Tony Bill’s Advice to Aspiring Screenwriters

1. Move to Los Angeles. That’s where you need to live to get your work read and known. No one is looking for you. You need to introduce yourself and your work in person somehow. It will undoubtedly happen by accident. Los Angeles is where the accidents happen.

2. People are not looking for a writer to “bring their ideas to fruition.” It’s your ideas that they will be interested in, combined with your unusually talented screenwriting ability (if that’s what it is). "Good" will not be good enough.

3. By definition, “freelance” means that you are on your own, without a steady salary or ongoing employment. If you can’t survive financially in that manner, it’s unlikely that you should pursue screenwriting. It’s the most difficult and competitive form of writing there is.

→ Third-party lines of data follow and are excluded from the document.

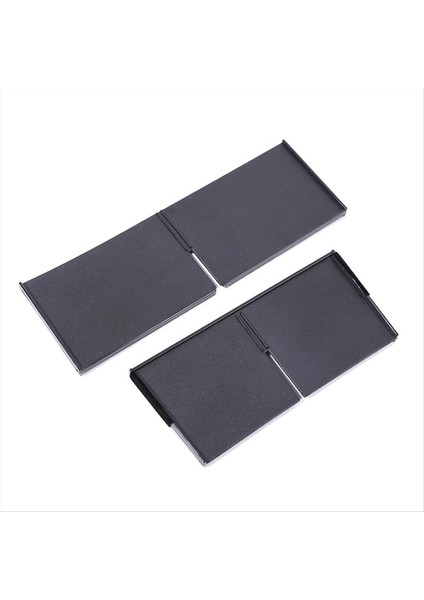 Toyota Tacoma 2024 Koltuk Alanı Ekle Bölme Depolama Aksesuarları Için Orta Konsol Bölücü Organizatör (Yurt Dışından)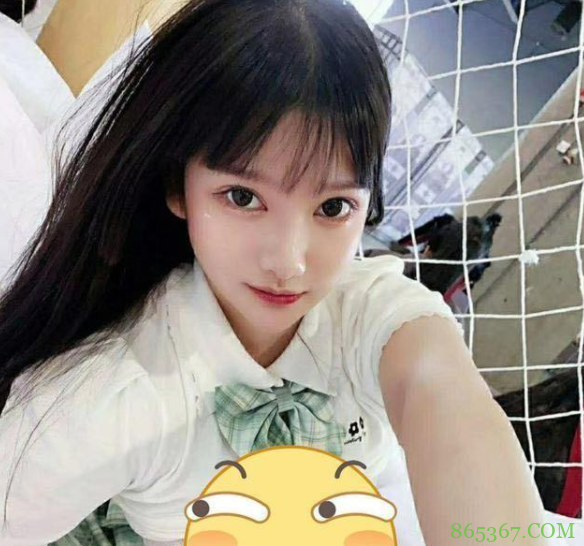 个别coser没素质，害得全体cos圈背锅，居然还有人帮他们说话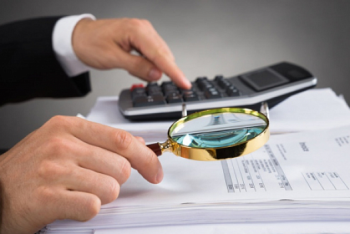 Фотография к новости: На 41 миллиард тенге выявили нарушений в нацкомпаниях РК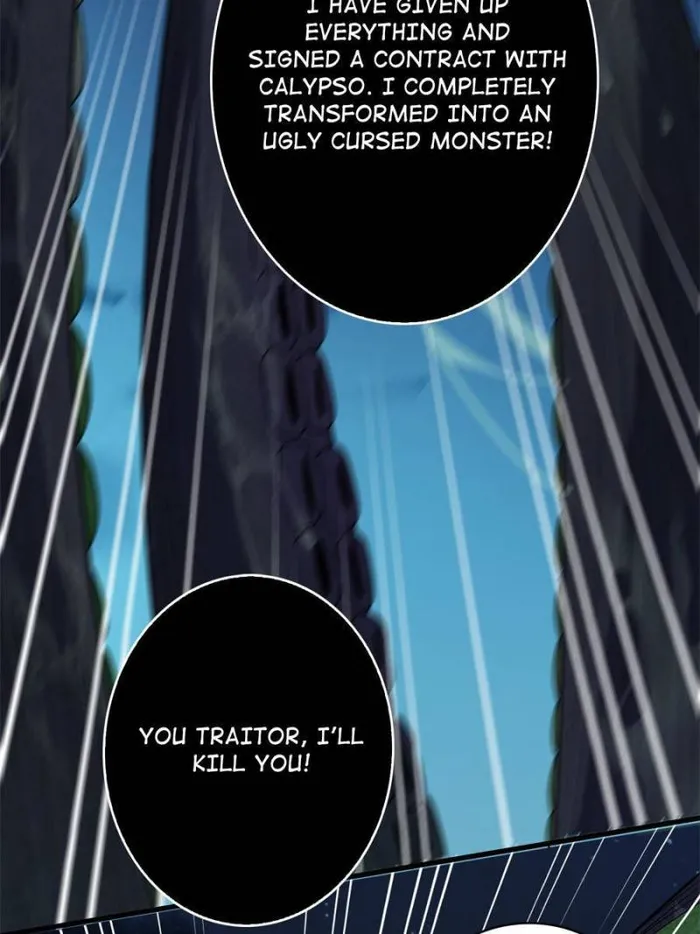 Page 32 of Chapter 91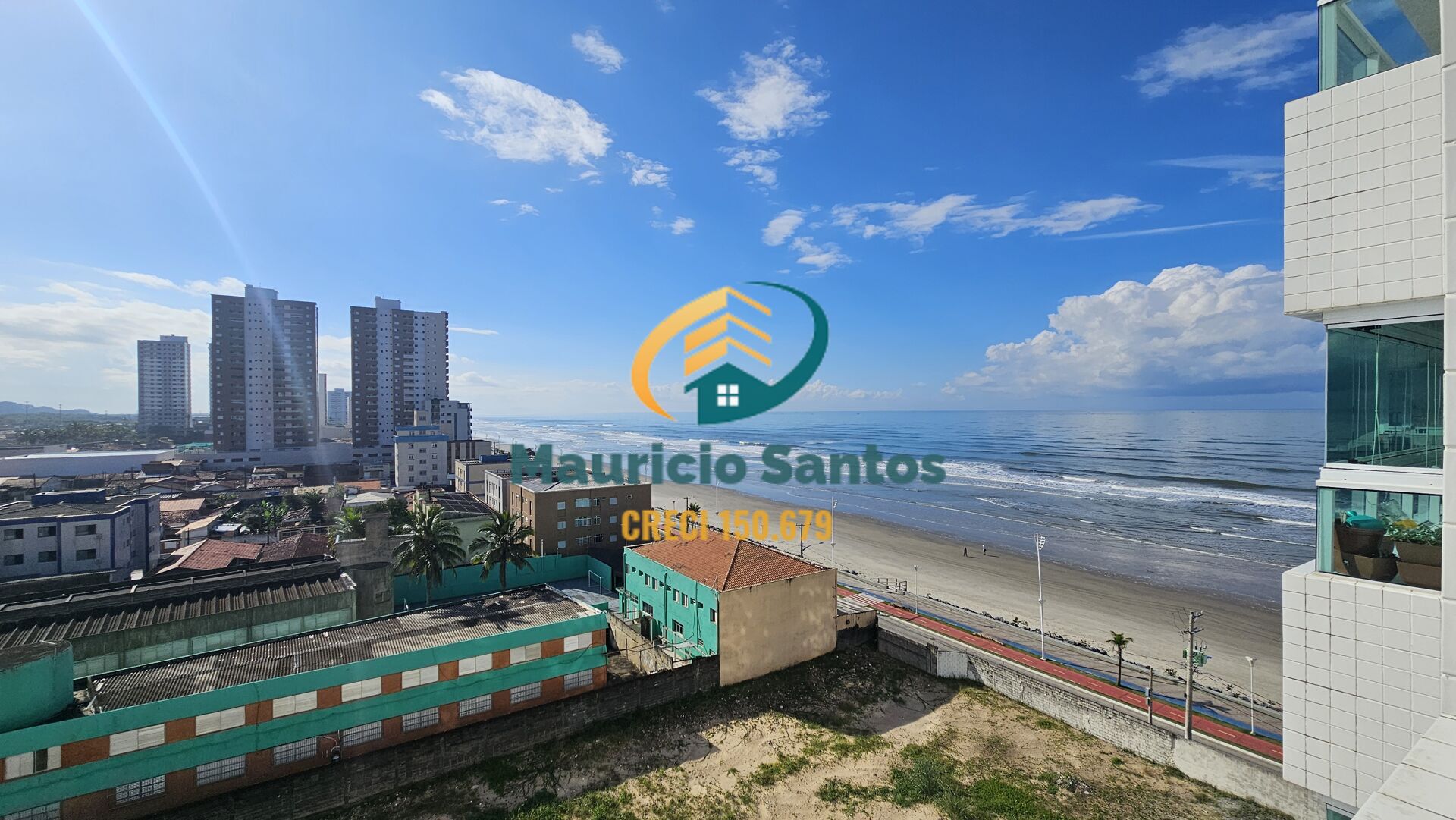 Apartamento, 2 quartos, 71 m² - Foto 22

That’s why really excellent screenwriters are in demand and handsomely paid in the movie business…and the rest are not.

4. You better start thinking less about movie screenplays and more about writing for television. The cost of making films, and the diminishing audience for them, has almost outlawed the original screenplay. Series TV — weekly or limited — is the place to be if you’re looking for employment. That’s also where the original, fresh, iconoclastic action is.

5. Just remember: Ideas are a dime a dozen. It’s all about execution. West Wing without Aaron Sorkin is a political show. Deadwood without David Milch is a Western. Homicide without David Simon is a cop show. Gray’s Anatomy without Shonda Rhimes is a hospital show. And none of them would ever have seen the light of day without the genius of those writers. And, by the way…you have to be able to put it out there 26 times a year for at least 5 years, or it might not be worth doing in the first place.

6. Whatever you do…don’t read any “How-to-write-a-screenplay” books. Just read a bunch of great scripts and let it go at that. (And if you have to ask what a great one is, you’re in trouble already.)